Source: © International Herald Tribune du 9/11/12

(Traduction Horizons et débats)

Convention du CICR relative au traitement des prisonniers de guerre

Art. 13

Les prisonniers de guerre doivent être traités en tout temps avec humanité. Tout acte ou omission illicite de la part de la Puissance détentrice, entraînant la mort ou mettant gravement en danger la santé d’un prisonnier de guerre en son pouvoir, est interdit et sera considéré comme une grave infraction à la présente Convention.
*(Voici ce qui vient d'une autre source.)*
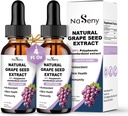 Grape Seed Extract Liquid Drops Standardizované na 95% Polyphenols- 300 mg Grape Seed Maximální síla Standardizovaná tinktura, High Absorption Liquid Vitis Vinifera Extract Drops -Non- GMO (2 Lahve)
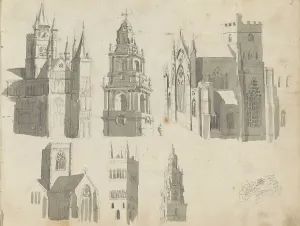 Churches Prints: Exterior of churches and church towers, 1822-1893. Creator: Willem Troost II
En particulier, aucun prisonnier de guerre ne pourra être soumis à une mutilation physique ou à une expérience médicale ou scientifique de quelque nature qu’elle soit qui ne serait pas justifiée par le traitement médical du prisonnier intéressé et qui ne serait pas dans son intérêt.
Les prisonniers de guerre doivent de même être protégés en tout temps, notamment contre tout acte de violence ou d’intimidation, contre les insultes et la curiosité publique.
Les mesures de représailles à leur égard sont interdites.

Convention de Genève
 relative au traitement des prisonniers de guerre,
conclue à Genève le 12 août 1949

***
me. La «Puissance détentrice» mentionnée dans la Convention semble être, dans le cas de la guerre de déstabilisation importée de l’extérieur en Syrie, un groupe d’Etats. En font partie tous les Etats qui soutiennent les troupes irrégulières par des armes, de la munition, de la logistique, des «instructeurs» et de l’espionnage. Selon les compte-rendus, ce sont la France, l’Angleterre, l’Allemagne, la Turquie, le Kuweit, l’Arabie saoudite, Israël et les Etats-Unis. Tous ces pays portent la responsabilité pour «leurs troupes», ils sont donc Puissances détentrices dans le sens des Conventions de Genève et peuvent donc être soumis à des sanctions.